Todavia, ao falarmos de consciência morfológica não estamos falando de um conceito unitário. Existem duas grandes classes de morfemas, as raízes e os afixos. A raiz pode ser definida como o núcleo mínimo de uma construção morfológica. Os afixos podem ser de dois tipos: prefixos ou sufixos. Os morfemas também podem ser classificados como flexões que, determinam o gênero e número das palavras; e o gênero, número e o tempo dos verbos, e as derivações, que por sua vez, podem ser prefixos (ex., "refazer") ou sufixos (ex., "leiteiro"), e têm a função de formar novas palavras (Laroca, 2005).
As flexões têm um caráter morfossintático e possuem uma estabilidade semântica, ao passo que as derivações tratam da estrutura das palavras, neste caso pode haver extensões do sentido destas palavras (Laroca, 2005). Morfologia derivacional se refere à formação das palavras a partir de processos que envolvem as derivações. Morfologia flexional se refere aos processos de formação de palavras que envolvem as flexões.

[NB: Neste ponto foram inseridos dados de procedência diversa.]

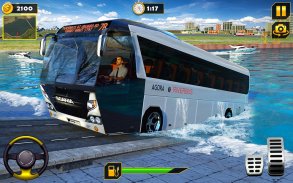 City Coach Bus Driving Game 3D screenshot 3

Existe alguma evidência de que as crianças reagem diferentemente à morfologia derivacional e a flexional (Carlisle, 1995). Por exemplo, Deacon e Bryant (2005) deram a crianças de cinco a oito anos de idade um teste, no qual as crianças tinham que escrever palavras com um morfema e palavras com dois morfemas. Metade das palavras de dois morfemas era de palavras derivadas e a outra metade eram palavras flexionadas. As palavras tinham o mesmo som final. Os resultados deste estudo mostraram que as crianças escreviam corretamente os sons finais das palavras mais vezes quando eram morfemas do que quando não eram, mas a análise do tipo de morfema escrito mostrou que este resultado era verdadeiro apenas para as flexões.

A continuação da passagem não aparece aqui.